Lurup (/de/) is a quarter in the Altona borough of the Free and Hanseatic city of Hamburg in northern Germany. It was formerly an independent village. In 2020 the population was 36,521.

==History==
In 1927 Lurup was merged with Altona, and in 1938 it was merged with Altona into Hamburg with the Greater Hamburg Act.

==Geography==
In 2006 according to the statistical office of Hamburg and Schleswig-Holstein, the quarter Lurup has a total area of 6.4 km^{2}.

The western border is formed by the railway tracks of the city train to the district of Eidelstedt, part of the borough Eimsbüttel. In the North, Lurup borders the state of Schleswig-Holstein and in the East it connects to the district of Osdorf, partially marked by the small stream of Luruper Moorgraben. In the South, Lurup borders the district of Bahrenfeld.

==Demographics==
In 2016 the population of Lurup was 36,053. The population density was 5247 PD/sqkm. 19.9% were children under the age of 18, and 18.4% were 65 years of age or older. 19.5% were resident aliens. 7.3% people were registered as unemployed. Average annual income was 26.665 Euro.

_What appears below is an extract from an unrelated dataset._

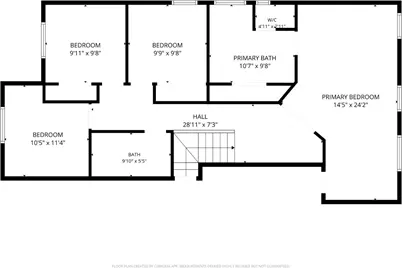 1943 Pinehurst Drive, Yuba City, CA 95993 - Photo 56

In 2006 there were 3,035 criminal offences (91 crimes per 1000 people).

===Population by year===
The population is counted by the residential registration office for 31 December each year.

| 1987 | 1988 | 1989 | 1990 | 1991 | 1992 | 1993 | 1994 | 1995 | 1996 | 1997 | 1998 | 1999 |
| 31,041 | 31,010 | 31,321 | 31,636 | 31,754 | 32,015 | 31,868 | 31,751 | 31,625 | 31,558 | 31,884 | 32,035 | 31,986 |

| 2000 | 2001 | 2002 | 2003 | 2004 | 2005 | 2006 |
| 32,089 | 31,979 | 32,565 | 33,011 | 33,252 | 33,132 | 33,459 |

==Education==
There are five elementary schools and six secondary schools in Lurup, totalling 3,343 students.

==Culture==

===Sports===
The sports club SV Lurup has a stadium at Flurstraße.

==Infrastructure==

===Health systems===
Lurup comprises 22 day care centers for children, 32 private medical offices and five pharmacies.

===Transportation===
Lurup is serviced by the rapid transit system of the city train with the station Elbgaustrasse close to Eidelstedt. Public transport in Lurup is also provided by several bus lines. Between 1955 and 1973 Lurup was connected to the Hamburg tram (Lines 1 and 11).

According to the Department of Motor Vehicles (Kraftfahrt-Bundesamt), 11,707 private cars were registered (353 cars/1000 people). 152 traffic accidents were recorded, including 121 traffic accidents with damage to persons.